Reflecting on the band’s haunting second single, Tapp adds: “’The Ghost’ is a song about the loss of true love. Visually it’s a man secluded in a cabin in the southwest, mourning the loss of his wife and unable to move past it. He’s left there with her spirit and the memories they had. I thought the most poignant line in the song was, ‘Sit around and stare at these walls, killing time until Jesus makes that call.’”
For the past ten years, The Cold Stares have toured the world relentlessly as a duo, blowing away audiences across the US and Europe with a fierce, blistering live show that belied their bare bones, guitar-and-drums setup. Now, the band is embracing a whole new kind of chemistry as they launch their next chapter, adding a third member and channeling the classic power trio sound they grew up on. “Suddenly, all the parameters that had dictated what we could and couldn’t do just disappeared, and we were free to create whatever sound we wanted,” Tapp recalls.
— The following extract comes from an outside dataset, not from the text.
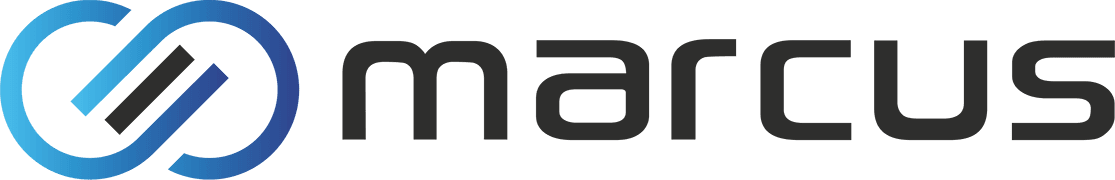 Logo Marcus S. C. Kasy Fiskalne Tarnów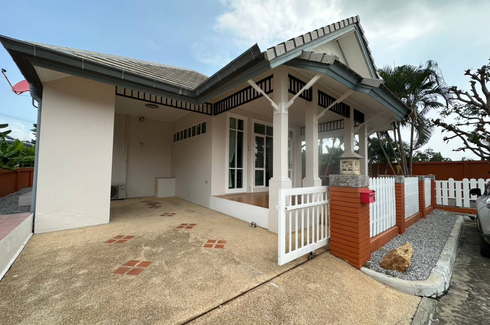 2 Bedroom House for sale in Emerald Hill, Hua Hin, Prachuap Khiri Khan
Launched in 2012, The Cold Stares got their start when longtime friends Tapp and Mullins agreed to team up for a fill-in gig that caught them both by surprise. With a sound far bigger than any duo should rightfully have been able to create, the pair of Kentucky natives began turning heads almost immediately, releasing a series of acclaimed albums that landed them on the road with the likes of Larkin Poe, Rival Sons, Reignwolf, Spoon, Grand Funk Railroad, and Thievery Corp, among others. American Songwriter praised the group’s “hard-won commitment, honesty, and intensity,” while No Depression hailed their sound as a “roots rocking firestorm,” and tunes from their albums turned up everywhere from ESPN and TNT to the hit video game Cyberpunk 2077.
After wrapping up touring for 2021’s ‘Heavy Shoes’ (their fifth studio album and debut release for Mascot Records), Tapp and Mullins returned to their adopted hometown of Evansville, Indiana, with a decision to make. The band’s sound had been growing increasingly elaborate in the studio, but unless they wanted to start playing along to pre-recorded backing tracks onstage, they were reaching a point where they wouldn’t be able to faithfully replicate their tunes anymore as a duo.
“We’d been a two-piece for a decade, so it wasn’t something we took lightly,” says Tapp. “But we’d also known Bryce for a long time and knew he’d fit right in.”